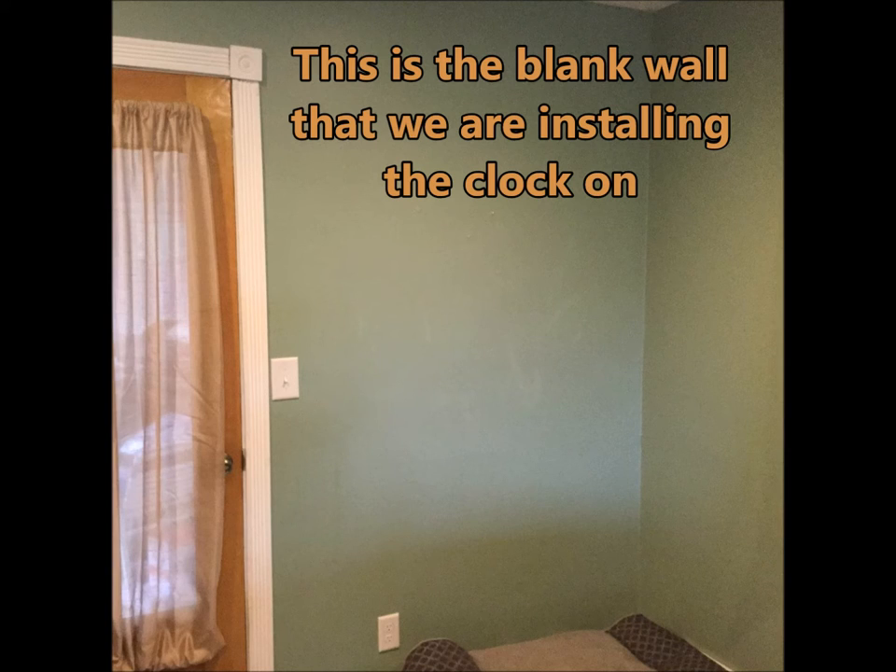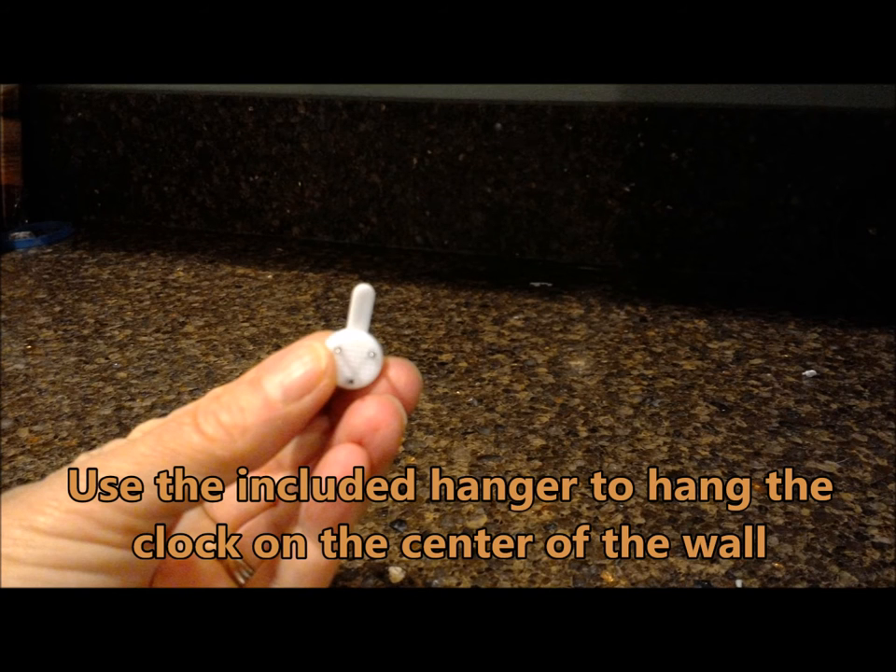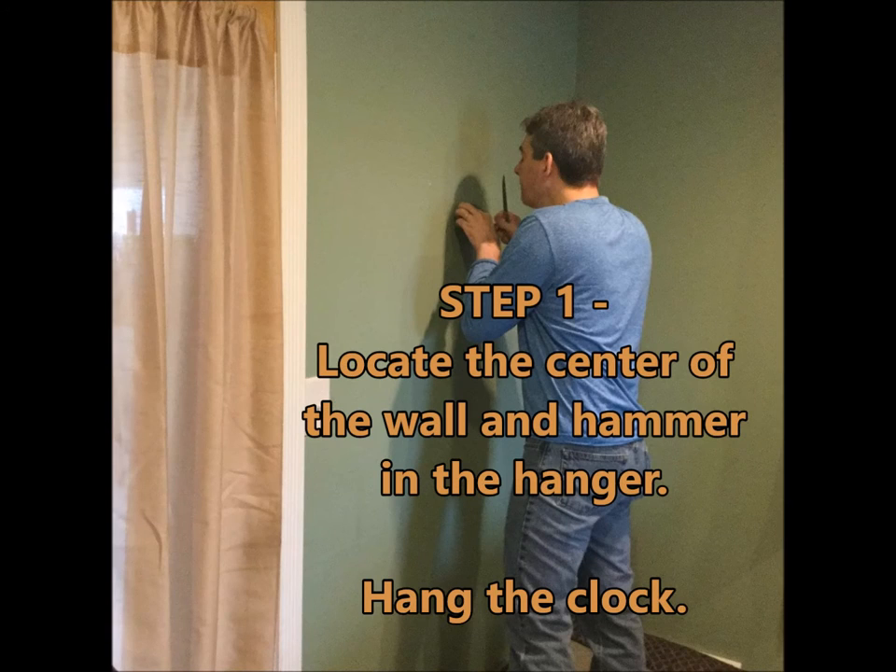This is the blank wall that we're installing the clock on. We needed something that would make a statement. There's a hanger included in the kit and that's where you hang the clock. The first step is just to locate the center of the wall and hammer in the hanger, and then you hang the clock.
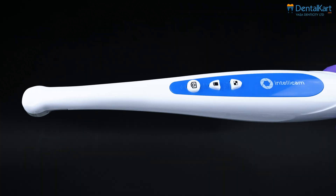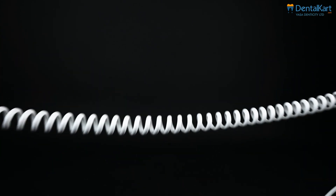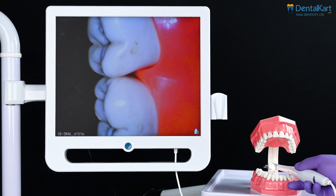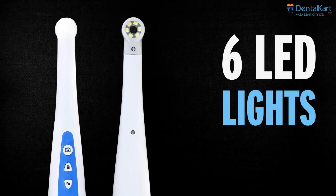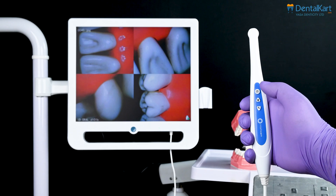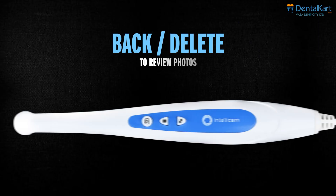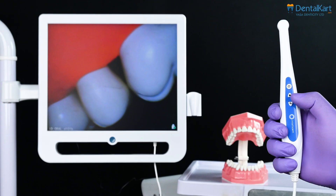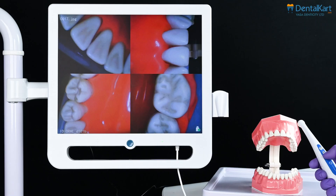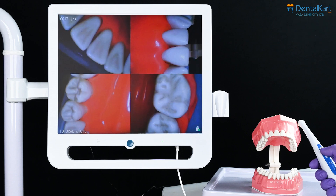Coming on to the camera handpiece. The camera handpiece includes a handle with a cable for flexible maneuverability during dental examinations. The intraoral camera features six LED lights for clear illumination. The capture button: press it to take a photo and enter photo mode in view mode. Back/delete: to review photos, press the button, select an image to delete, hold the button until the delete option appears, then press again to confirm deletion.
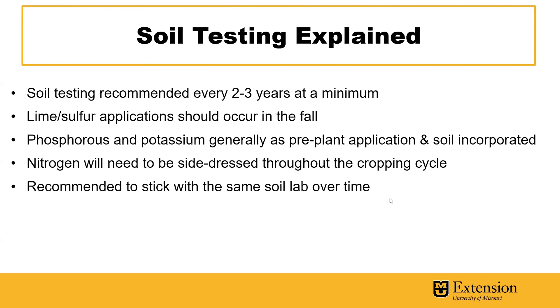Soil testing is recommended every two to three years at a minimum. If you have lime or sulfur applications, you should put these down in the fall because it takes time for lime and sulfur to adjust soil pH to appropriate levels. Phosphorus and potassium are generally applied as a pre-plant application and soil incorporated before planting. Nitrogen on most annual crops will generally need to be side-dressed throughout the cropping cycle. It is recommended to stick with the same soil lab over time so that you can know there's continuity in your test values and recommendations.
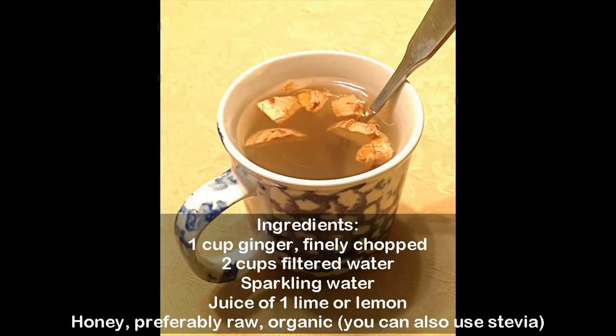Ingredients: 1 cup ginger, finely chopped; 2 cups filtered water; sparkling water; juice of 1 lime or lemon; honey, preferably raw and organic (you can also use stevia).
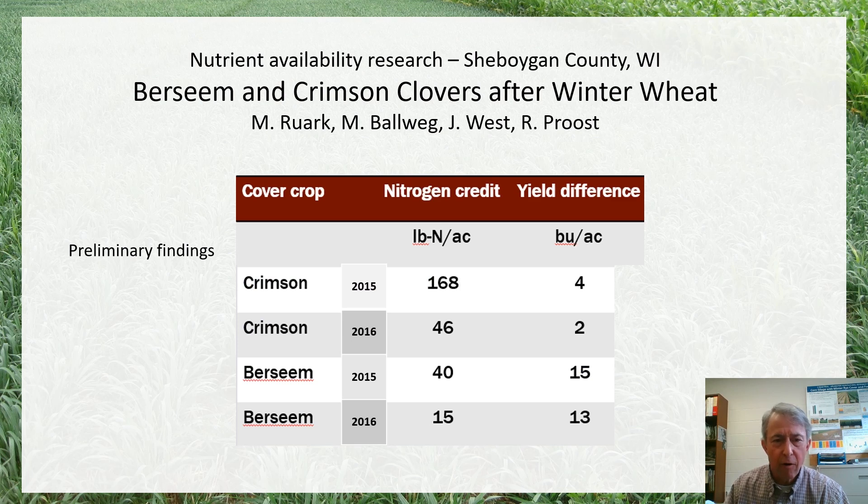For the years 2015 and 2016, crimson clover had a little bit higher nitrogen credit than berseem clover, but a lower yield increase where corn followed crimson compared to where it followed berseem clover. But there was also a fair amount of variability. This seems consistent with some other trials I've seen elsewhere, where either the nitrogen credit is very low, sometimes there isn't one, or it's highly variable.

◆ ◆ ◆ ◆ ◆ ◆ ◆

(Work task) Copy the whole listing above word for word but do not carry over the pictures.

(Written answer)
This is the blank wall that we're installing the clock on. We needed something that would make a statement. There's a hanger included in the kit and that's where you hang the clock. The first step is just to locate the center of the wall and hammer in the hanger, and then you hang the clock.
Coming on to the camera handpiece. The camera handpiece includes a handle with a cable for flexible maneuverability during dental examinations. The intraoral camera features six LED lights for clear illumination. The capture button: press it to take a photo and enter photo mode in view mode. Back/delete: to review photos, press the button, select an image to delete, hold the button until the delete option appears, then press again to confirm deletion.
Soil testing is recommended every two to three years at a minimum. If you have lime or sulfur applications, you should put these down in the fall because it takes time for lime and sulfur to adjust soil pH to appropriate levels. Phosphorus and potassium are generally applied as a pre-plant application and soil incorporated before planting. Nitrogen on most annual crops will generally need to be side-dressed throughout the cropping cycle. It is recommended to stick with the same soil lab over time so that you can know there's continuity in your test values and recommendations.
Ingredients: 1 cup ginger, finely chopped; 2 cups filtered water; sparkling water; juice of 1 lime or lemon; honey, preferably raw and organic (you can also use stevia).
For the years 2015 and 2016, crimson clover had a little bit higher nitrogen credit than berseem clover, but a lower yield increase where corn followed crimson compared to where it followed berseem clover. But there was also a fair amount of variability. This seems consistent with some other trials I've seen elsewhere, where either the nitrogen credit is very low, sometimes there isn't one, or it's highly variable.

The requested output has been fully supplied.